Provided data →
^^^^^^^^

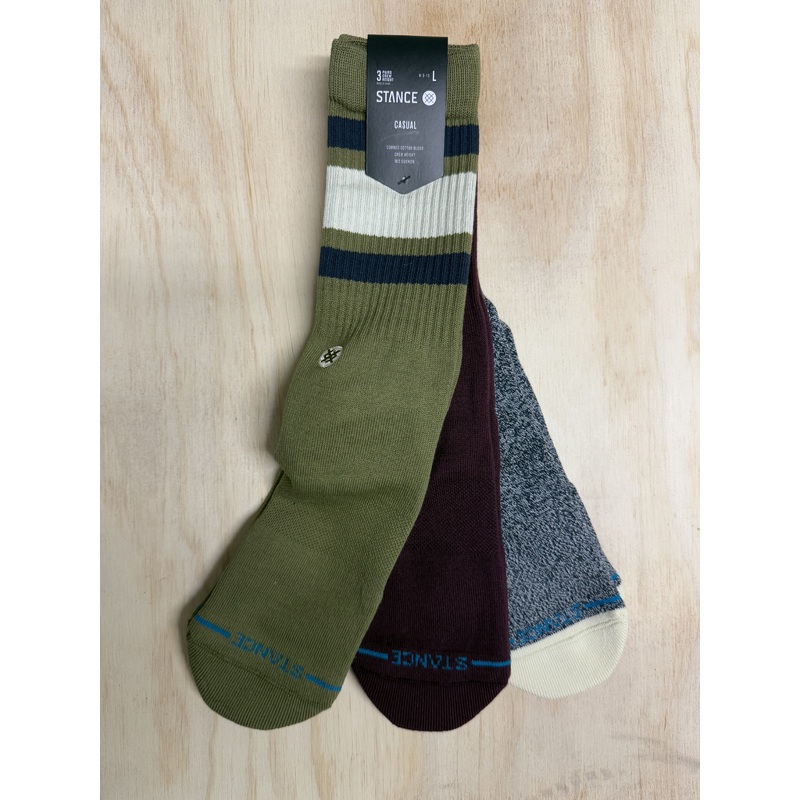 ICON MIXED 3 PACK – CHIVE L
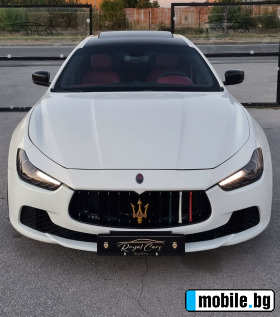 Maserati Ghibli / Individual/ 3.0 V6/ | Mobile.bg   2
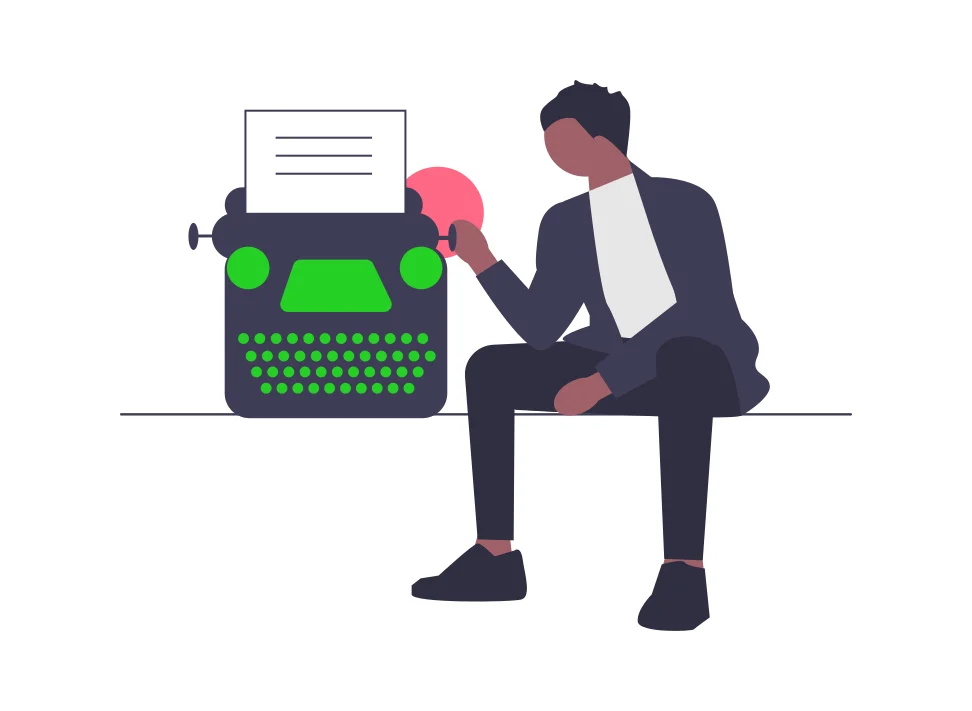 Illustration von Undraw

^^^^^^^^

Word for word, repeat only the lines from the line containing "Maserati Ghibli /" through the end of the data, without any pictures.

 Maserati Ghibli / Individual/ 3.0 V6/ | Mobile.bg   2
 Illustration von Undraw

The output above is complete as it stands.